-- Given entries follows --

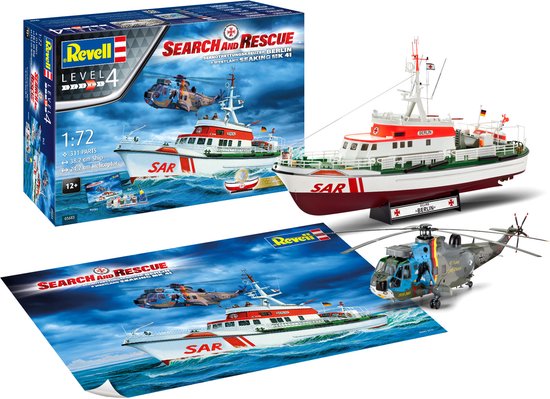 Revell Modelbouwpakket Militaire voertuigen - 05683 DGzRS Berlin + Sea King -Good Bye Set- - Gift Set Plastic - 1:72 -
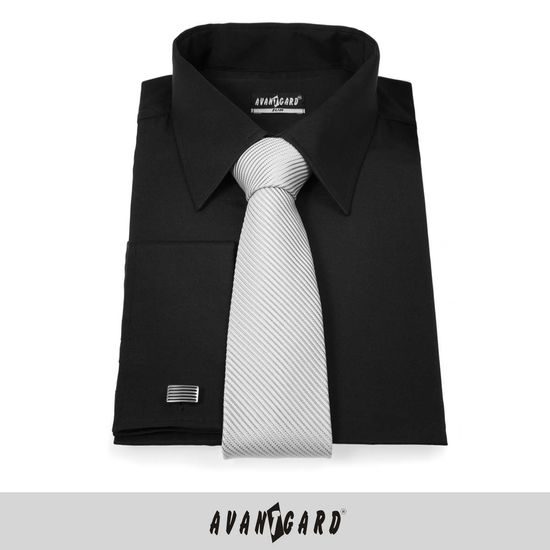 Fekete rejtett gombolású slim fit férfiing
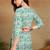 Women green botanical print pure cotton casual wear kurti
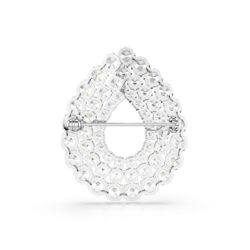 Swarovski - Matrix brooch, Round cut, White, Rhodium plated - Bilde 3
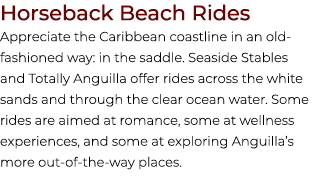 Horseback Beach Rides Appreciate the Caribbean coastline in an old fashioned way: in the saddle. Seaside Stables and ...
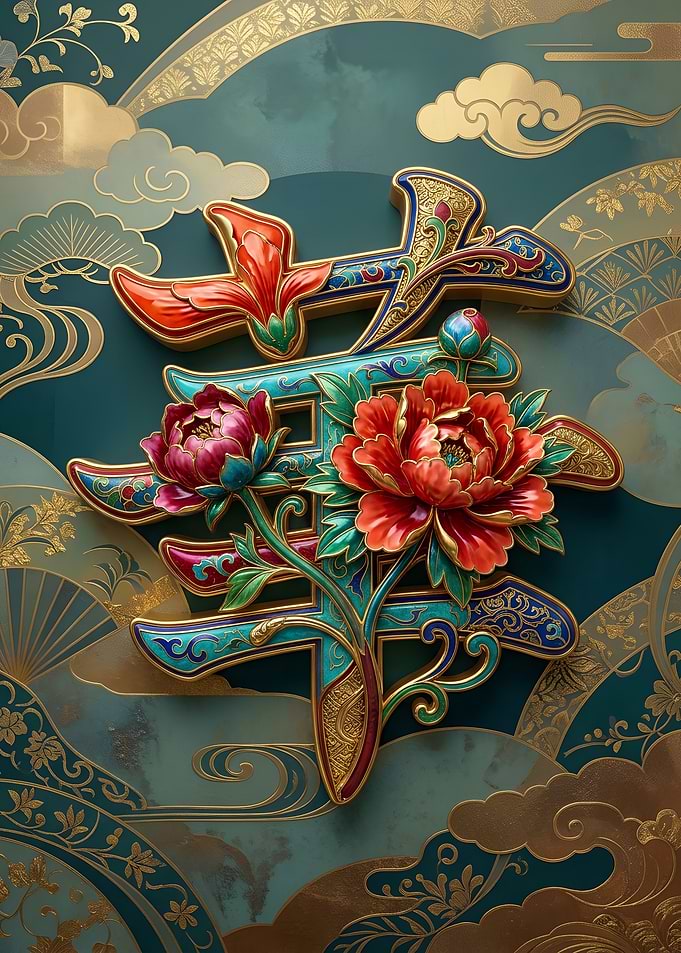 Japanese Kanji Hana Floral Art in Gold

-- Given entries concluded --

#### About this task
Skip the pictures. Write out exactly the lines from the one with "Fekete rejtett gombolású slim fit férfiing" through the last line of the listing, both ends included, and nothing more.

#### Answer to the problem
 Fekete rejtett gombolású slim fit férfiing
 Women green botanical print pure cotton casual wear kurti
 Swarovski - Matrix brooch, Round cut, White, Rhodium plated - Bilde 3
 Horseback Beach Rides Appreciate the Caribbean coastline in an old fashioned way: in the saddle. Seaside Stables and ...
 Japanese Kanji Hana Floral Art in Gold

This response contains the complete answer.